Patching game executables

Hi all,

so I have a lot of experience making ASM based cheats for a lot of systems but I have next to zero experience with the Saturn, maybe someone here will be able to help me 🙂
Yesterday I was trying to create an infinite health cheat for Astal (I know that those cheats are out there but they are mostly RAM based and I want to make one myself by patching the executable myself). I was quickly able to find the instruction in the code that I want to change with the Ghidra loader that uses Mednafen save states. This is when I usually open the game's ROM / executable in a hex editor, look for that specific instruction, make my change and just click on save basically. This time, I found that in Ghidra, this specific sequence of instructions (I think I took around 32 bytes around the two-byte instruction that I wanted to change) appears exactly once in my save state. So I searched for this 32 byte sequence in the Track 1.bin of my game, and I found it a whopping 23 times. Basically I just guessed that the game may load a different executable depending on what level you're in or something like that, so I just replaced all 23 occurences in that bin file. Track 2 had no matches for this sequence, so I didn't edit that file. The cheat seemed to work flawlessly on my Saturn, after copying the modified track 1 bin to my Fenrir.

However, out of curiosity I extracted the original bin/cue image with Sega Saturn Patcher and did a binary search for the original 32 byte sequence and found it in 25 files (one occurrence of the pattern in each of those 25 files). When extracting my modified image from before, I also found the sequence in two additional files. So there seems to be two "missing" occurrences of this pattern in the full image when compared to the extracted image.

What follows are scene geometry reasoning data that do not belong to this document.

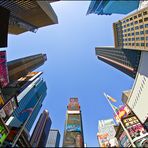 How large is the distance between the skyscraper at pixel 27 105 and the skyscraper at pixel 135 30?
184 ft

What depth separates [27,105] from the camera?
145 meters

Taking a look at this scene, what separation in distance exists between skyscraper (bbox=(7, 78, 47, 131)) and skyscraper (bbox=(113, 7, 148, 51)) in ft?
184

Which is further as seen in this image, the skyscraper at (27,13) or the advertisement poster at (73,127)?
the skyscraper at (27,13)

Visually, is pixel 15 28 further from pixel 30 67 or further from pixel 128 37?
pixel 128 37

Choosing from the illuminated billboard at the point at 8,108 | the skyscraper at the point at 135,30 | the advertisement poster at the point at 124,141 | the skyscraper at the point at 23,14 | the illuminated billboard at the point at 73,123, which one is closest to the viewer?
the advertisement poster at the point at 124,141

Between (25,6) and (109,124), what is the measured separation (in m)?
148

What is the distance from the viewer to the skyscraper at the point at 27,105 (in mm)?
117812

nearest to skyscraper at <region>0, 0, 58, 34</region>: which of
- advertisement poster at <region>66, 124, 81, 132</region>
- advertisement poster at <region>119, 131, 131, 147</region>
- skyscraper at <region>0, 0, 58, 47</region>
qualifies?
skyscraper at <region>0, 0, 58, 47</region>

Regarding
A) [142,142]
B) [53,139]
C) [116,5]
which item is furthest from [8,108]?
[53,139]

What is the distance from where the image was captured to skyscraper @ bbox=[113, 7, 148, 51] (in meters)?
78.6

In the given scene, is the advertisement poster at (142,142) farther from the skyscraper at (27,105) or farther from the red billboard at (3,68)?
the skyscraper at (27,105)

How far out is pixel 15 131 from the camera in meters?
43.9

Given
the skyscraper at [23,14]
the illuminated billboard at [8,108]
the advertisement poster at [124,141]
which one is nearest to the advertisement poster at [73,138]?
the advertisement poster at [124,141]

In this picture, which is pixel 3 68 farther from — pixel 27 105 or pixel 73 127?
pixel 27 105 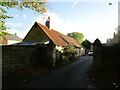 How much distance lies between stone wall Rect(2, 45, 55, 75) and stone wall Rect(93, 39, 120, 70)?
14.6 ft

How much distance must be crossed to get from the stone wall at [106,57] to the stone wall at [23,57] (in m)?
4.44

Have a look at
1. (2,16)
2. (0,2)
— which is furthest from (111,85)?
(0,2)

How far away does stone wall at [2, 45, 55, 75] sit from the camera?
Result: 23.1 ft

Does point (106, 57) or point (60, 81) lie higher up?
point (106, 57)

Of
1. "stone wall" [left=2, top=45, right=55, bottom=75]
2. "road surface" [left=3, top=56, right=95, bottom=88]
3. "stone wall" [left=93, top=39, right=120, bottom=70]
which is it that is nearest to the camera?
"road surface" [left=3, top=56, right=95, bottom=88]

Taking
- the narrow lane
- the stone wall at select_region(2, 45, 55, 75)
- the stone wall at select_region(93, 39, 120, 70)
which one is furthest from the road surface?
the stone wall at select_region(93, 39, 120, 70)

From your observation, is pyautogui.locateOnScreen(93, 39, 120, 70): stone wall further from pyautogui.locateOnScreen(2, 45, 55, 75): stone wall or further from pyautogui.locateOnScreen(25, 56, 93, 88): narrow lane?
pyautogui.locateOnScreen(2, 45, 55, 75): stone wall

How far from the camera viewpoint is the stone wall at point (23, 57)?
277 inches

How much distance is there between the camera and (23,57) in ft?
27.7

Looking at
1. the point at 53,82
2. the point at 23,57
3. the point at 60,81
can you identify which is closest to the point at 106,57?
the point at 60,81

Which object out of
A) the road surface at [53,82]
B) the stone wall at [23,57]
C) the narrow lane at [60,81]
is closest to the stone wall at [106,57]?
the narrow lane at [60,81]

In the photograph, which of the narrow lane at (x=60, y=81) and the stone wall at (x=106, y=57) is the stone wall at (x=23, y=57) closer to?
the narrow lane at (x=60, y=81)

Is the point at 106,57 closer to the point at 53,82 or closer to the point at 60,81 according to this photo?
the point at 60,81

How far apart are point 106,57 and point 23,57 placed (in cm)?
732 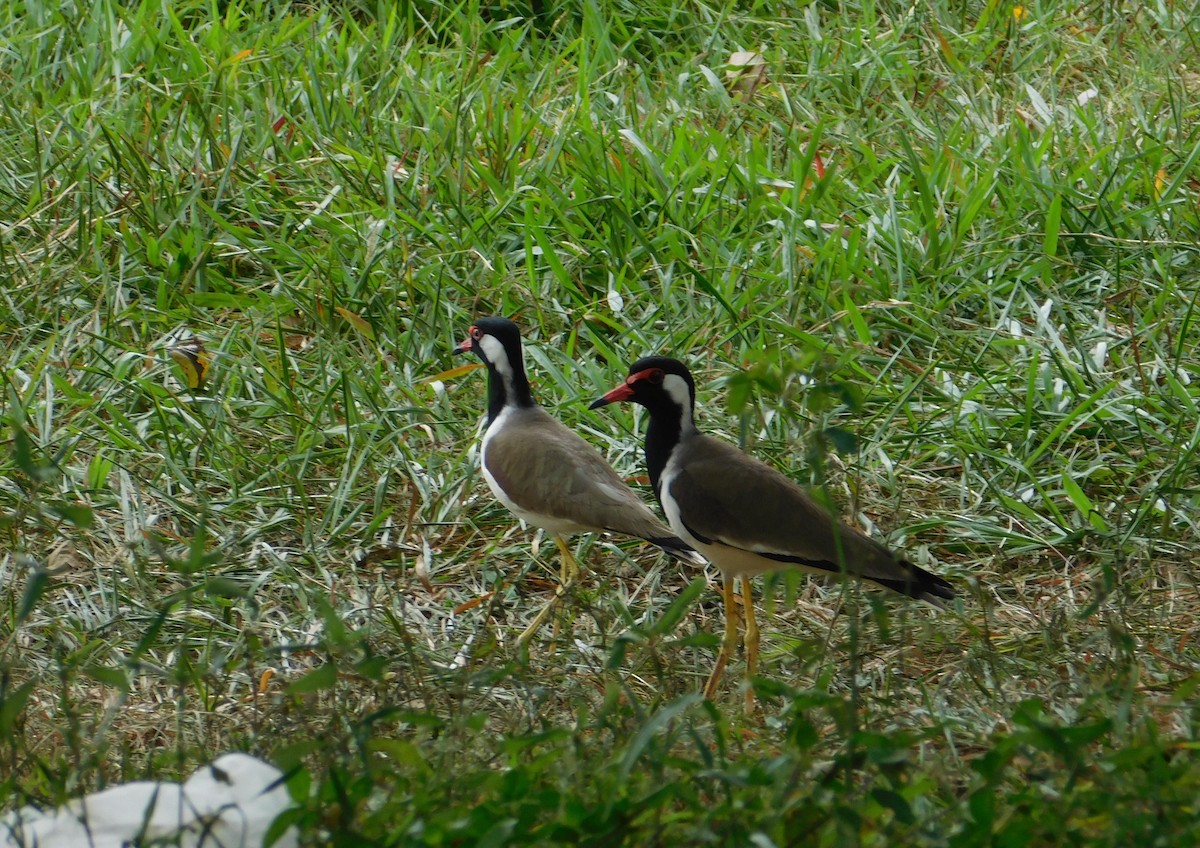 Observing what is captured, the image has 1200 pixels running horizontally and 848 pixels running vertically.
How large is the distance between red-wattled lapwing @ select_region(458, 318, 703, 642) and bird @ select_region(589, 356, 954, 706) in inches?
5.5

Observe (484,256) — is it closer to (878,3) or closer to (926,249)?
(926,249)

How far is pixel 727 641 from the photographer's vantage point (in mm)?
4066

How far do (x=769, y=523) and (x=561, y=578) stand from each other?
79 centimetres

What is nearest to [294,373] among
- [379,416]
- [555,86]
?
[379,416]

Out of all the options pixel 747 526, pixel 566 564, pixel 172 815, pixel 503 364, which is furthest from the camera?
pixel 503 364

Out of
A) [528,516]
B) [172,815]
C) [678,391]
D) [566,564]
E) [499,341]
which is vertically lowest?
[566,564]

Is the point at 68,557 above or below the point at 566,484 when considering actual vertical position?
below

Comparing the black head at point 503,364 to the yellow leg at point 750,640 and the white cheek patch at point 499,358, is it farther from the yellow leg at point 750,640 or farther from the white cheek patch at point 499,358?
the yellow leg at point 750,640

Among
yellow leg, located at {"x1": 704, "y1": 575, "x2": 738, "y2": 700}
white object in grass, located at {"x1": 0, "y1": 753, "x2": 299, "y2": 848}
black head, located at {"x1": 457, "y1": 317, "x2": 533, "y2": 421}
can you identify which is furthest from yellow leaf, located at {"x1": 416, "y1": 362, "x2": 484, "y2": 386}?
white object in grass, located at {"x1": 0, "y1": 753, "x2": 299, "y2": 848}

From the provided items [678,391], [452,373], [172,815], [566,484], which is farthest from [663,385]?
[172,815]

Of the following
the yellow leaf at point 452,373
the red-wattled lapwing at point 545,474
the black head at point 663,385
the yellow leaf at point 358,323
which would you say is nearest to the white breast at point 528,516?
the red-wattled lapwing at point 545,474

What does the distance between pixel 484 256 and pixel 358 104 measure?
1191 millimetres

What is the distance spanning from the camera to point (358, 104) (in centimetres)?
652

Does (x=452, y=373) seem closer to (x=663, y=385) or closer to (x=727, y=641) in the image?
(x=663, y=385) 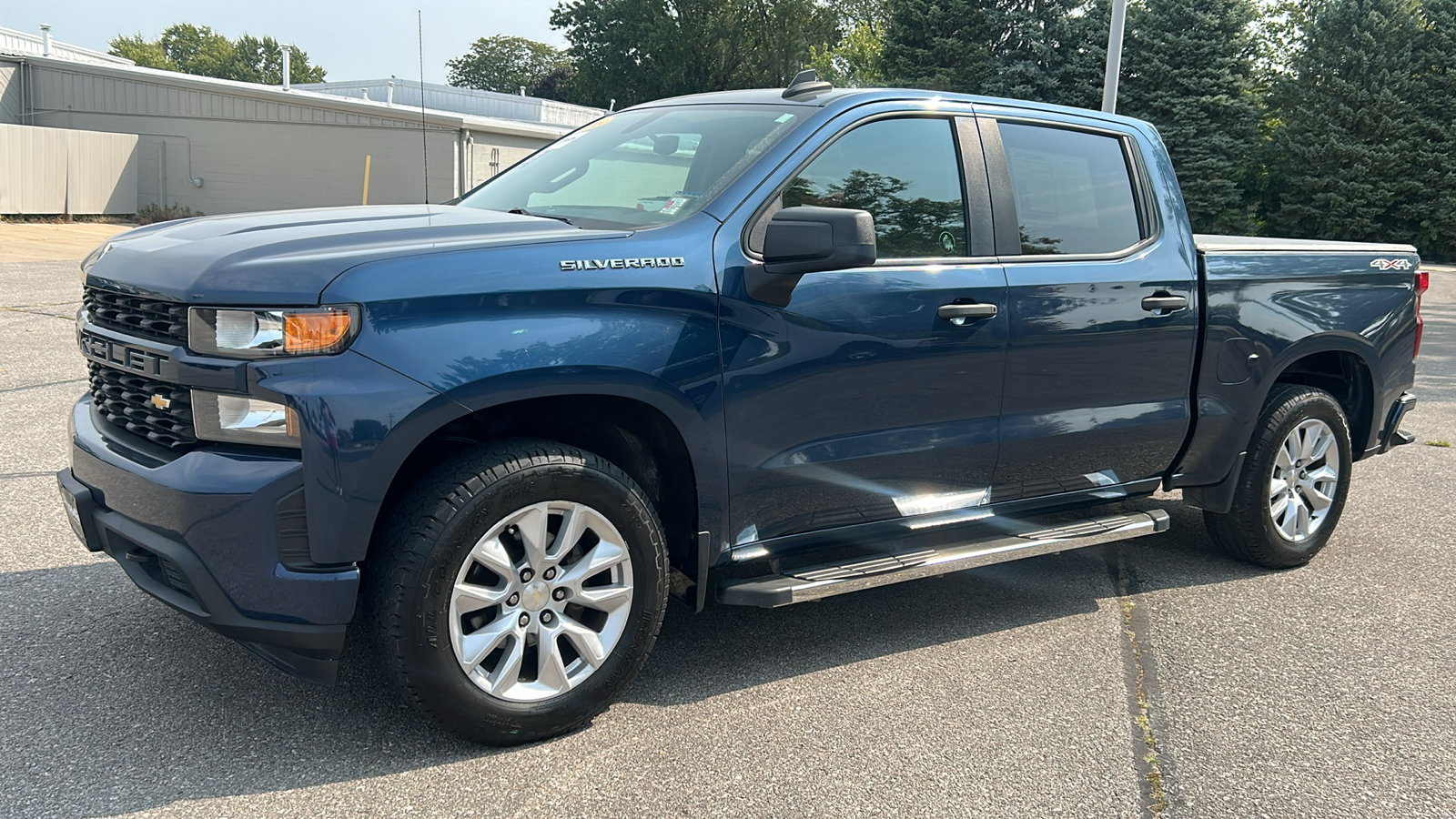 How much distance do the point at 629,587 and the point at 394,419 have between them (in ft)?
2.93

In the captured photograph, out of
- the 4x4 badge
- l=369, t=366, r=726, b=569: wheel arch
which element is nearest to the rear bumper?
the 4x4 badge

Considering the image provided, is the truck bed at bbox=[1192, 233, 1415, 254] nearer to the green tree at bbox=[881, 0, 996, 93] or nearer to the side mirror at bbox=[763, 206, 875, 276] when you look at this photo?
the side mirror at bbox=[763, 206, 875, 276]

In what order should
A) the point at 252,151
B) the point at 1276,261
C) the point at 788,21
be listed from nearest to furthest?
the point at 1276,261 < the point at 252,151 < the point at 788,21

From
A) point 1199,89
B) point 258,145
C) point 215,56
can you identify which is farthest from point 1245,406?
point 215,56

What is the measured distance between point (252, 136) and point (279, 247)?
95.5 ft

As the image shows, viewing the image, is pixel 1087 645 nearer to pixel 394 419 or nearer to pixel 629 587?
pixel 629 587

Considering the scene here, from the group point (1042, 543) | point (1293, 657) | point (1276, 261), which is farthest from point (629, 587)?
point (1276, 261)

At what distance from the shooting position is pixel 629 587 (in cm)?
348

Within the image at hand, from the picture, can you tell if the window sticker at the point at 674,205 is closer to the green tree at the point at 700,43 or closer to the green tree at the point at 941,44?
the green tree at the point at 941,44

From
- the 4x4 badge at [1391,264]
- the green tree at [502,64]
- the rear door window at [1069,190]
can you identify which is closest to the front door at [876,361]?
the rear door window at [1069,190]

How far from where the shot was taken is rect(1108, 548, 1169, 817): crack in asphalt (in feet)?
10.8

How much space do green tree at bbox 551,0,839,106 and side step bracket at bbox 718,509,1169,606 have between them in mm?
56793

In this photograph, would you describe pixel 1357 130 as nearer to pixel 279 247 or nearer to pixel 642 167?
pixel 642 167

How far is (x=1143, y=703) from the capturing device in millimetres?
3854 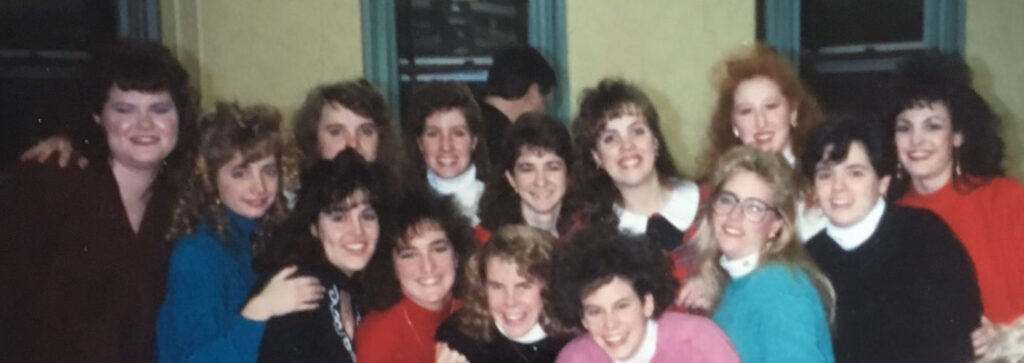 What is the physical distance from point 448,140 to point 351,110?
0.30 meters

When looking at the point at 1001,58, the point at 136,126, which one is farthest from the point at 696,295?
the point at 1001,58

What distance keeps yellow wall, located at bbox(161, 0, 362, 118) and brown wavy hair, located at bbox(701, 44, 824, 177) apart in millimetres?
1787

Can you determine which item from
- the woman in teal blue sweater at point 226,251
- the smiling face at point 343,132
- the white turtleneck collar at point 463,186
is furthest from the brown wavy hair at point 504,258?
the smiling face at point 343,132

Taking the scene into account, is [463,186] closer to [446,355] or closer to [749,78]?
[446,355]

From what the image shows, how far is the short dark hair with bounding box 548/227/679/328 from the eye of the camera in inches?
81.0

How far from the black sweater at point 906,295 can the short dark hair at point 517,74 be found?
5.21 feet

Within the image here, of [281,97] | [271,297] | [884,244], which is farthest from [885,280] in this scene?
[281,97]

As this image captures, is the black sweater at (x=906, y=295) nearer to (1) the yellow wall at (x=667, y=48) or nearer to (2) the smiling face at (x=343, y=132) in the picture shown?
(2) the smiling face at (x=343, y=132)

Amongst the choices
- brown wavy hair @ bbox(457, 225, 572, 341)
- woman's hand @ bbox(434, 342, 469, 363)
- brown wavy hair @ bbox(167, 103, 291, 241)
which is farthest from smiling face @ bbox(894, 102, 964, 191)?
brown wavy hair @ bbox(167, 103, 291, 241)

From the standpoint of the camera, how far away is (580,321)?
2084mm

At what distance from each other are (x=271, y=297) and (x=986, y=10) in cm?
336

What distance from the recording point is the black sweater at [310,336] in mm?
2051

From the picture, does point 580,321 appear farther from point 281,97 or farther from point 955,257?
point 281,97

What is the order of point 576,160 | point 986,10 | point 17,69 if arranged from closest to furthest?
point 576,160 → point 17,69 → point 986,10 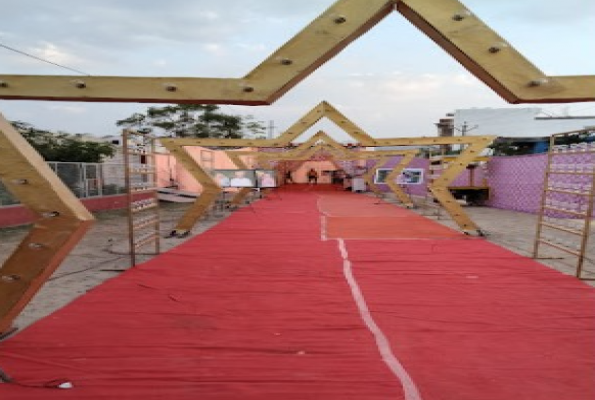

I guess my question is, if these two occurrences of this byte sequence seemingly aren't to be found in the original track 1 binary and also not in the track 2 binary, where do they come from? 😀 I haven't worked on CD based systems a lot so I don't know much about the file formats. Could some parts of the disc be compressed while others aren't? I guess that would be why only two of the 25 occurrences of this byte sequence would not be found in the complete binary, because they might be in a compressed section of the image that only gets decompressed when you extract the image. But that is really only guesswork right now.

Does any of that make sense to you? Am I asking stupid questions?
I'd love to get your feedback.
 
Cool, good luck with your future hacking endeavors!

That said, firstly you should really avoid making direct changes to a BIN data track (presumably a Redump image) outside of quick testing. ECC data is still in tact (unless you manually regenerate it), and this means that more than likely, someone who would burn your disc image would have either a broken or totally non-functional patch (i.e., the original data would be restored). Some emulators and ODEs fake this data, by the way. In fact, I remember a case (I believe it was Blast Wind) where the patch author made direct changes to the data track BIN and was baffled by them not being reflected in the game itself with a certain ODE, while other ODEs were fine.

Instead, you can either use Sega Saturn Patcher to patch one or more files, or for development/testing something like cd-replace can be used (I prefer this, to be honest). With cd-replace, via CLI you can inject modified versions of one or more files to overwrite the original(s), and all data is shifted around accordingly. It's also very fast!

Now, regarding why you could find that pattern more in the BIN than in the original executable, it can be a combination of redundancy (remember that ECC I mentioned?), multiple sector copies, or overlap. The format isn't like ISO, or like a direct, raw ROM you might be used to. For instance, if a given file spans sectors, and the byte array you want to change "straddles" a sector boundary, part of (or all of) that array could appear in adjacent sectors, though partial duplication is more typically seen.

I hope that helps.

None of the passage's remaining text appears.